Сегодня Примакова никто за язык не тянул, к выступлению не подталкивал, но Дмитрий Матвеевич чувствовал, что отмалчиваться нельзя. Его и так все вокруг упрекали: привык, мол, с чужого голоса петь, а сам-то что думаешь, Примаков? Свои мысли-то у тебя есть или нет? Может, смелости не хватает их высказать? Если по-честному, то ее-то, смелости, как раз и не хватало. Не привык еще излагать свое мнение свободно, без оглядки на начальство. Так что же, выходит, он, Примаков, трус? Нет, Примаков себя трусом не считал. Да взять хотя бы фронтовую службу, честно делал свое солдатское дело, просто, исправно, так, как до этого на заводе слесарил. Свидетельство тому — боевые медали, что рядом с мирными, трудовыми, позвякивают сейчас на его груди. Да и чего, спрашивается, Дмитрию Матвеевичу бояться? Ниже рабочего не назначат, на кусок хлеба для себя и для семьи всегда заработает. Смелей, Примаков!

Нет, не случайно корил себя за душевную робость, за податливый характер, за непослушный язык Дмитрий Матвеевич. Причина была — обида, которая тяжелым камнем ворочалась в груди и не давала ему дальше спокойно жить. Кто его обидел? Да похоже, что все. И новый директор, который поначалу сгоряча взял Примакова с собою в Москву в командировку, однако, в отличие от Громобоева, к делу не приспособил, да и в вагоне-ресторане вел себя как-то странно, не по-директорски, уделял больше внимания Линке, а не Примакову, словно его тут и не было.

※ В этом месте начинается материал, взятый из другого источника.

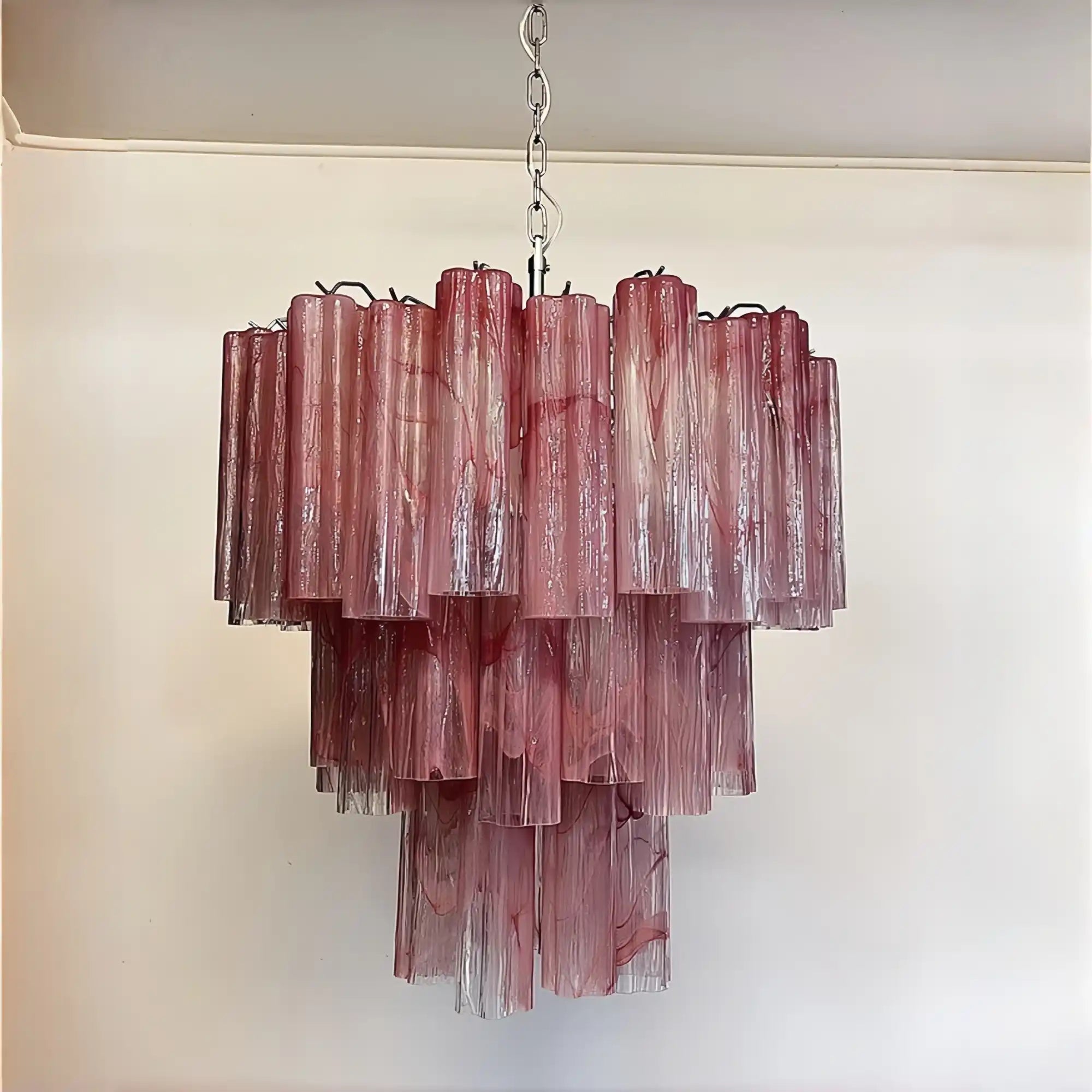 Murano Chandelier – 48 tubes – Alabaster Pink - Blushlighting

А хуже всего был разговор в цехе, о котором доброхоты рассказали Примакову подробно, с деталями. Выходило, будто он не по долгу, а по собственной воле ваньку валял — расхаживал в рабочее время по конференциям и худсоветам. И начальник цеха Ежов Примакова тоже обидел. После директорского визита враз переменился по отношению к Дмитрию Матвеевичу, глядел на него хмуро, слова цедил сквозь зубы небрежно, словно перед ним был не заслуженный слесарь, а пэтэушник-первогодник… А горлохват Шерстков и вовсе обнаглел после того, как Беловежский пожал ему руку и поставил в пример всему цеху. Это особенно было обидно Примакову. Что ж, получается, что вся его долголетняя беспорочная, безотказная служба на заводе вовсе уж ничего и не стоит? Достаточно Шерсткову один раз выкинуть фортель — вернуть деталь для дополнительной обработки фрезеровщикам, и вот уже ему и слава, и почет? Нет, с этим Примаков никак смириться не мог.

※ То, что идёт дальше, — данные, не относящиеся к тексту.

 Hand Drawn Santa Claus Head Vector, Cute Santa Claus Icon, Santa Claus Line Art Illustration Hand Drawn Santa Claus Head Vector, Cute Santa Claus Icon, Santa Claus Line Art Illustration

Дмитрий Матвеевич поднялся, оправил мешковатый пиджак, выловил из-под лацканов ускользнувший внутрь ворот рубашки…

— Я скажу… Не было такого никогда.

— Чего не было-то?

— Чтобы в повестку дня болезнь ставить. У меня инфаркт десять лет назад случился. Ну и что? Привезли в палату кулек яблок от профкома, и все. Поторопили: не залеживайся. Скорее становись в строй, работа ждет. И я… того-етого… даже в санаторий не поехал. В цехе оклемался.

— Вы, должно быть, нас не поняли, уважаемый Дмитрий Матвеевич, — Славиков сделал попытку помочь старому рабочему сформулировать мысль. — Мы все тут ратуем за то, чтобы улучшить моральный климат. Что же тут плохого?

Однако Примаков подсказки не принял, проговорил упрямо:

— Раньше, того-етого… порядок был. А сейчас? Бузотера Шерсткова в первую строку тащат. У всех на глазах ручку жмут. А мне за общественную работу по шее наложили. Вот тебе и весь моральный климат.

Беловежский, как и все, с напряжением вслушивавшийся в слова Примакова, нахмурился.

— Ну, ясное дело, по Громобоеву тоскует. Понравилось в президиумах-то сидеть, — шепнул своему соседу Фадеичев.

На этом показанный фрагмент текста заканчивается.